- **Entries provided**

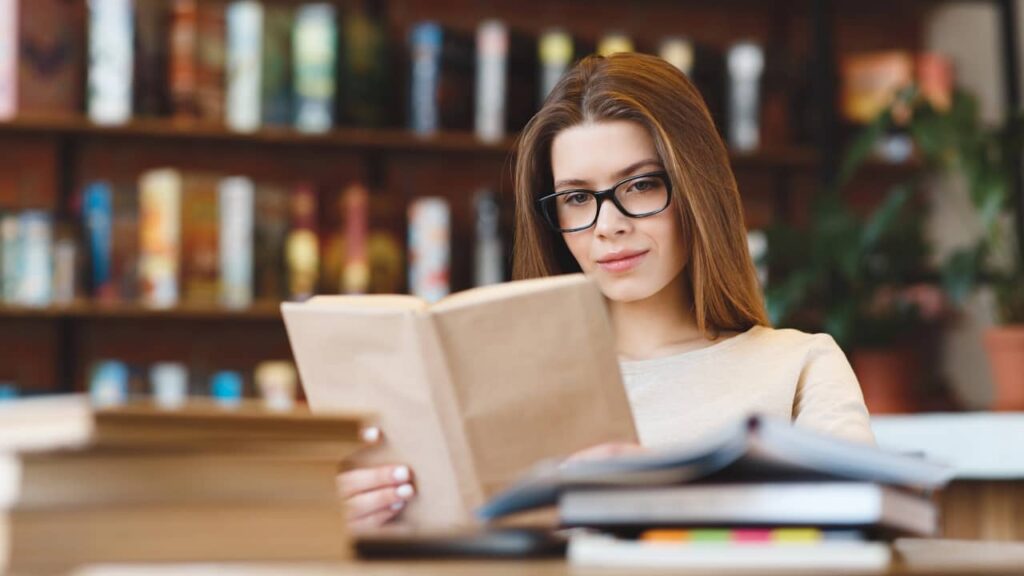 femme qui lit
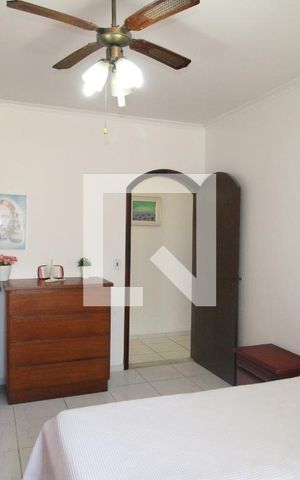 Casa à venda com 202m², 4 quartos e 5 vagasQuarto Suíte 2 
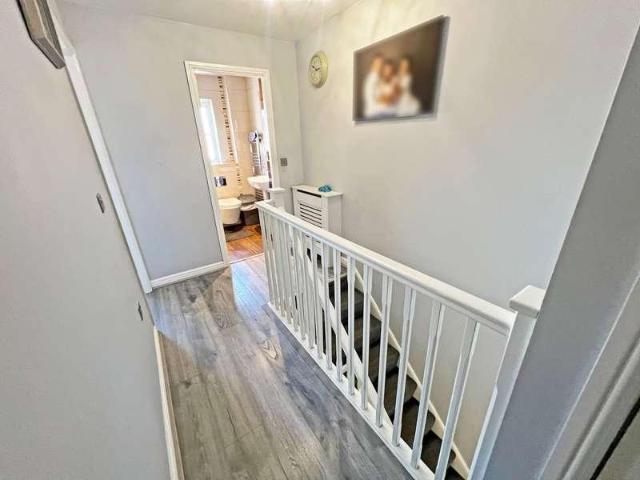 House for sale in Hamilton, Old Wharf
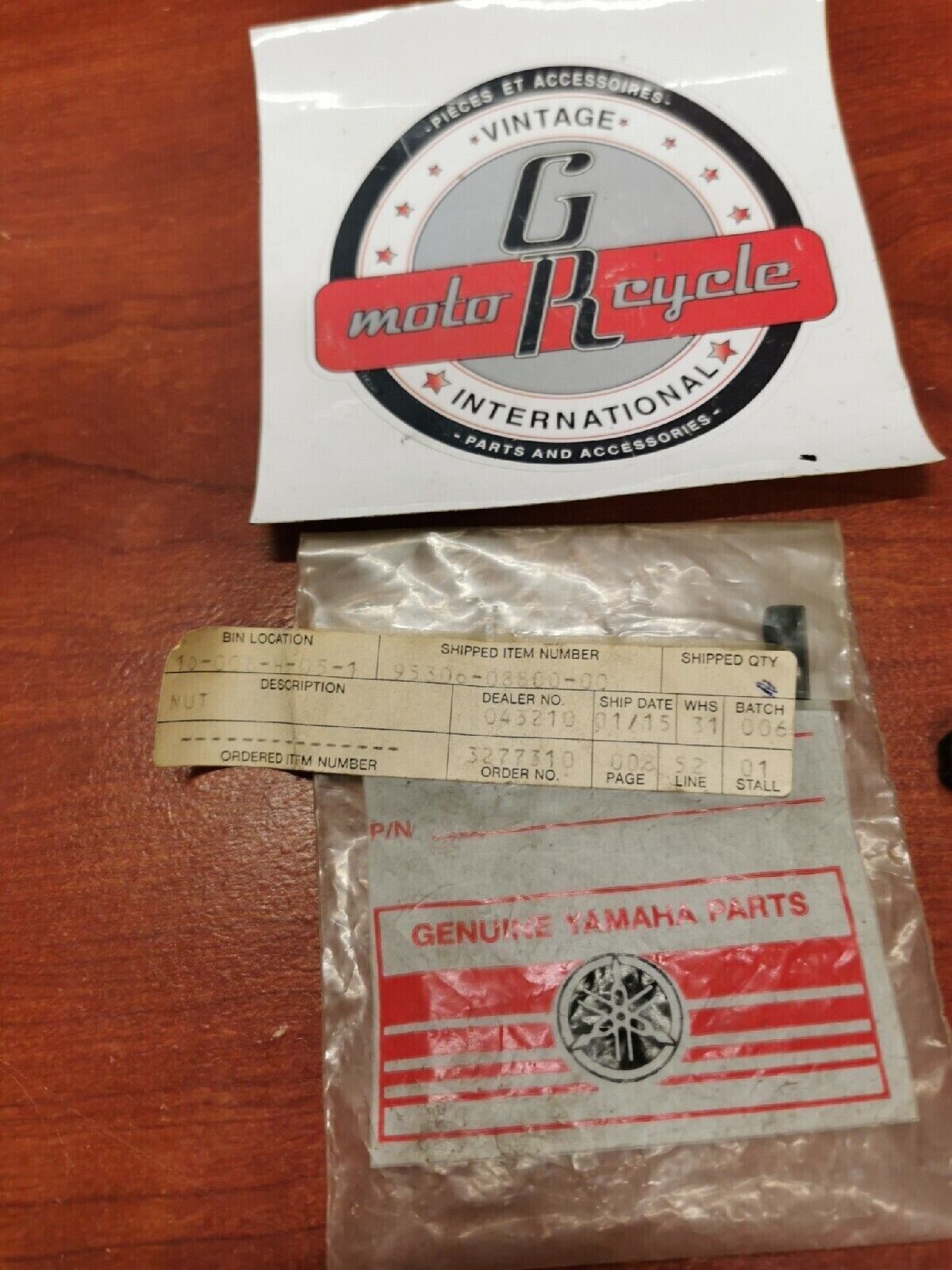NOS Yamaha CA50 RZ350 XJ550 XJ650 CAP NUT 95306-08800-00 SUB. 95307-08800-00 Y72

--

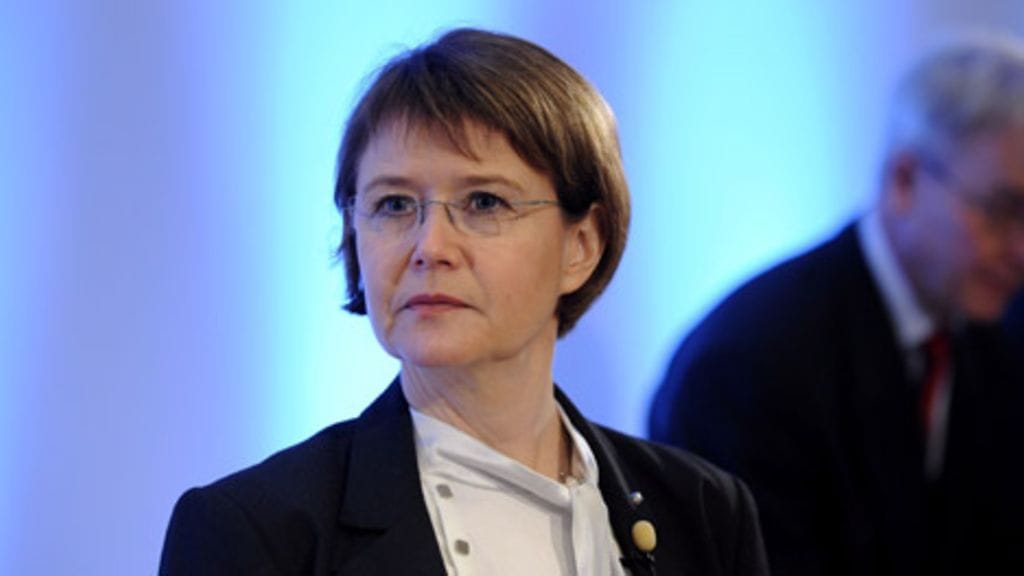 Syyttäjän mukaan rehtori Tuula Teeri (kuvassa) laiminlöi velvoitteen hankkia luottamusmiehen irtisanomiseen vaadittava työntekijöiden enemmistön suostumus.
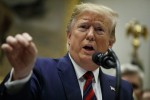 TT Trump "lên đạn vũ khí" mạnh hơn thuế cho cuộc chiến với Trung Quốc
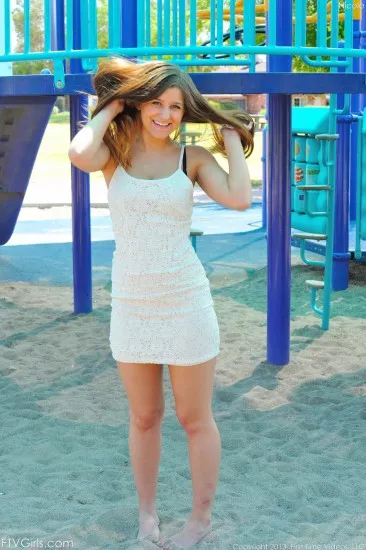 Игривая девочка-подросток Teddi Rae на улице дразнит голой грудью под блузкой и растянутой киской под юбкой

==

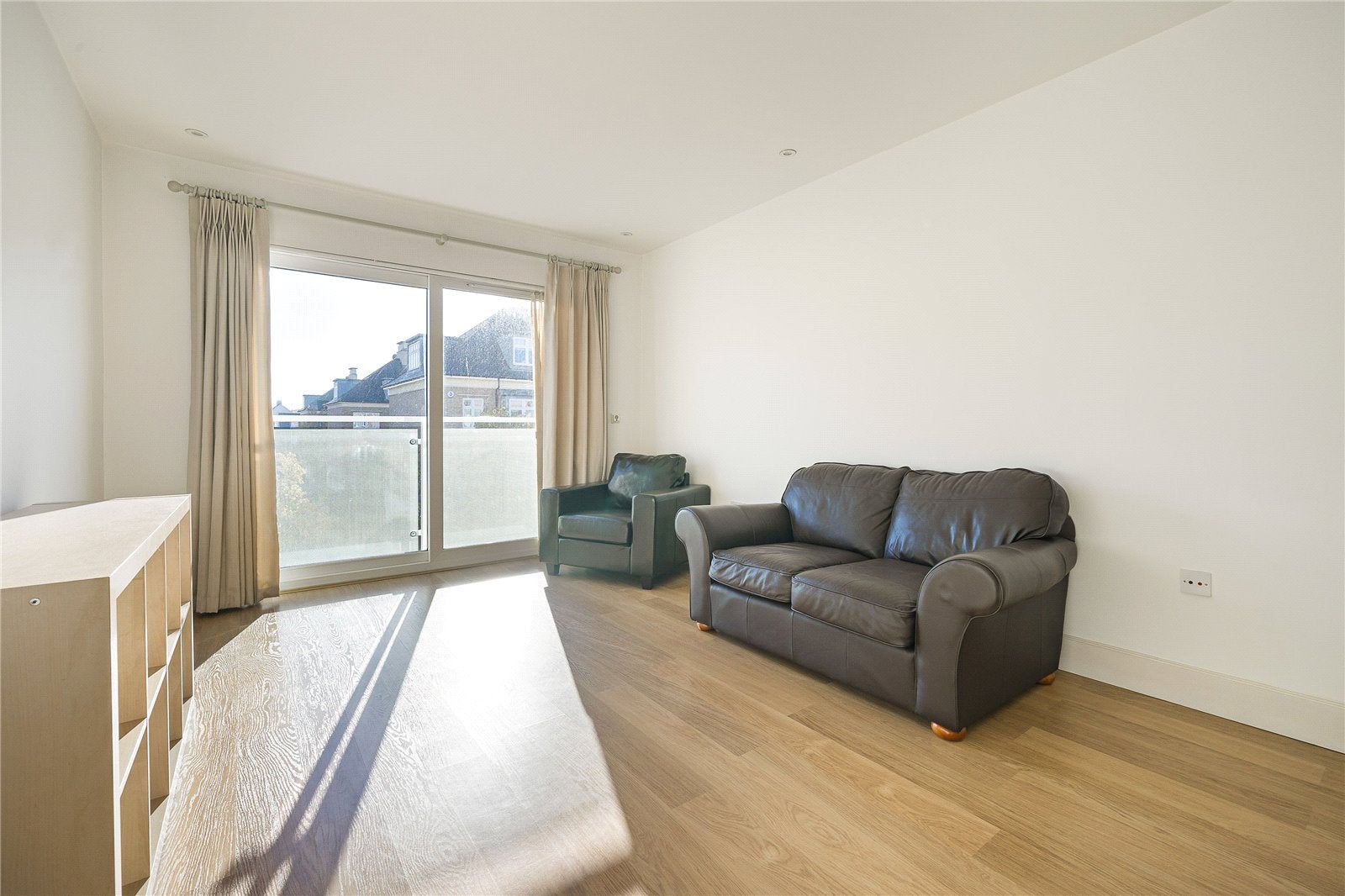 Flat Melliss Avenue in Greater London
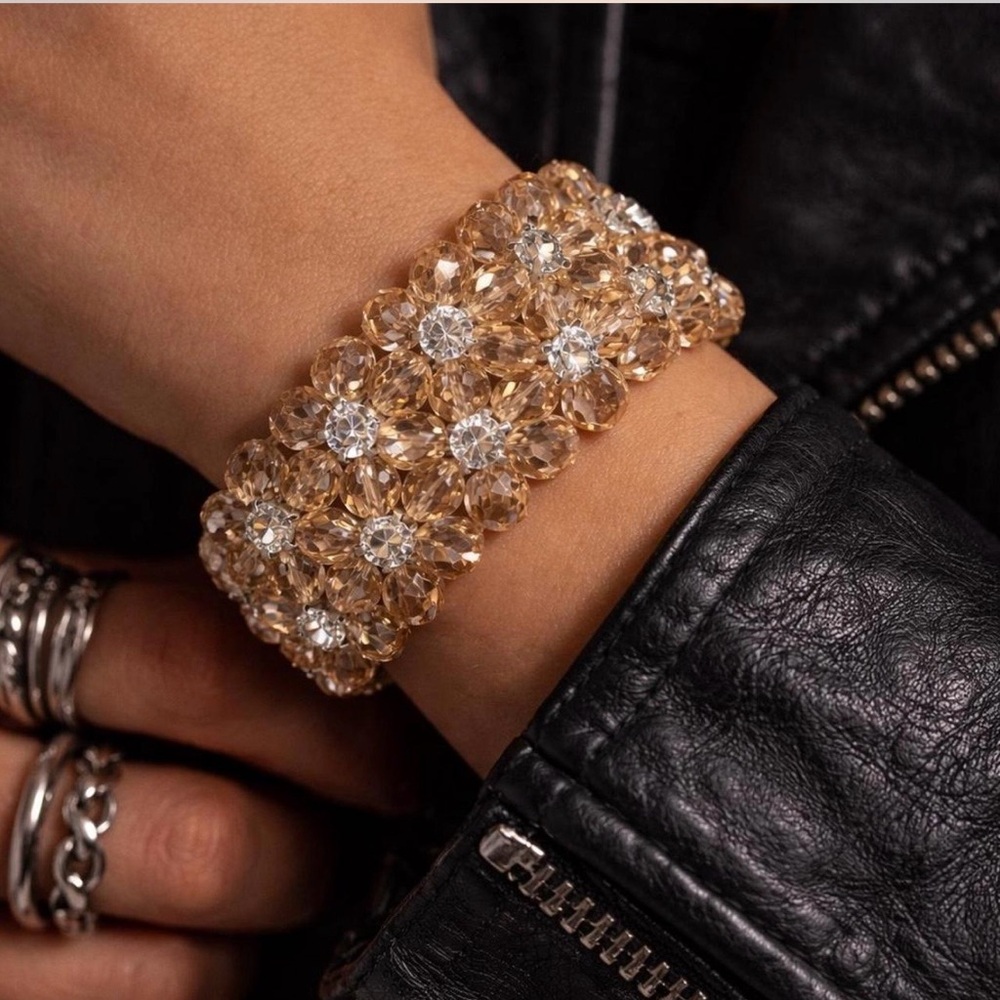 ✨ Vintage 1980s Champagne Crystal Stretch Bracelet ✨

- **What is being asked**
The response must repeat exactly the lines above from the one with "femme qui lit" through the one with "NOS Yamaha CA50", including both, and must contain no pictures and no other text.

- **Exercise response**
 femme qui lit
 Casa à venda com 202m², 4 quartos e 5 vagasQuarto Suíte 2 
 House for sale in Hamilton, Old Wharf
NOS Yamaha CA50 RZ350 XJ550 XJ650 CAP NUT 95306-08800-00 SUB. 95307-08800-00 Y72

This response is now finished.